- The development of assays for stress in marine fishes is vital for studying the impacts of bycatch in fisheries and for determining the health of fish being cultured or used in research. This research developed behavioral and physiological assays for stress in juvenile sablefish, Anoplopoma fimbria, a species that comprises a valuable North Pacific fishery and is often a substantial part of incidental discard. The effects of conditions, intrinsic or extrinsic to the fish, on the variability of the stress response were also investigated. A moderate stress of 15 minutes in air was used to elicit an acute stress response. Behavioral responses and physiological values were evaluated at 1, 5, and 24 hours after the 15 minute air stress, and were compared with control fish that received only a minimal air stress. In the first series of experiments, behavioral patterns and changes in behavior over time of stressed and control fish were determined, and the protocols and time course for measuring behavioral effects of stress were established. In the second series of experiments, physiological assays were added to the behavioral protocols developed during the first series of experiments.
The behavioral assays included activity levels, swimming speed at capture, and appetitive behavioral patterns in response to a chemical food stimulus (squid extract), and to a visual food stimulus (squid without odor). These behaviors are ecologically relevant in terms of performance and survival. All of these behaviors were sensitive to stress. In general, behavioral responses were depressed by stress at 1 hour, followed by recovery to control levels by 5 hours. However, the intensity of behavioral responses was affected by feeding history (1 or 5 days of food deprivation) and group influence
(recovering alone or in visual contact with 3 conspecifics), which therefore affected the ability of the behavioral responses to assess stress. The behavioral assays were less capable of detecting differences between stressed and control fish when the responses of control fish were depressed as a consequence ofbeing fed the day before. Visual contact with conspecifics facilitated recovery of activity in stressed fish, but therefore also resulted in apparent activity responses to chemical food stimulus that were more likely attributable to activity increases of conspecifics than to appetitive behavior. The focus of attention of isolated fish on activity of conspecifics often interfered with visual detection of food.

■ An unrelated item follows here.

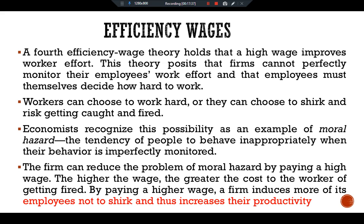Although these four efficiency wage theories differ in detail, they share a common theme: because the firm operates more efficiently if it pays its workers a high wage, a firm may find it profitable to keep wages above the level that balances supply and demand. The result of this higher-than-equilibrium wage is a lower rate of job finding and greater unemployment. This concludes our discussion of real wage rigidity and structural unemployment.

The physiological assays included plasma concentrations of cortisol, glucose, and lactate, all of which proved to be sensitive measures of stress in sablefish. These parameters were elevated by stress at 1 hour, followed by a decreasing trend to 5 and 24 hours. The physiological assays were affected by feeding history, and an effect of group influence was also indicated. Cortisol and lactate levels in stressed fish fed the day before recovered faster than for stressed fish that were deprived of food for 5 days. Glucose levels in stressed fish fed the day before were not elevated above controls. These results suggested an alleviating effect of feeding on the biochemical stress response. At 5 hours, cortisol and glucose were elevated above baseline levels in both solitary stressed fish and in stressed fish influenced by a group, but also for controls influenced by a group, suggesting an exacerbating effect of isolated fish being in visual contact with groups. There were critical cortisol, glucose and lactate thresholds (180 ng/ml, 140 mg/dl, and 175 mg/dl, respectively) above which no appetitive behavioral responses occurred. These clear demarcation levels are extremely valuable for linking behavioral and physiological responses.
These results indicate that behavioral and physiological assays are sensitive indicators of stress in sablefish, although the magnitude, time courses, and correlation of responses may be affected by factors intrinsic and extrinsic to the fish that may vary before and during recovery. There was a correspondence between behavioral and physiological indications of stress shortly after the stressor had been removed and levels of stress were still severe. However, there was a temporal discrepancy after partial recovery had occurred, at which time recovery of physiological norms had not yet been established although behavioral responses had recovered. While behavioral patterns may readjust quickly, the persistence of an energetic load during recovery from stress, as indicated by continued physiological perturbations, may compromise ability to respond to additional stressors.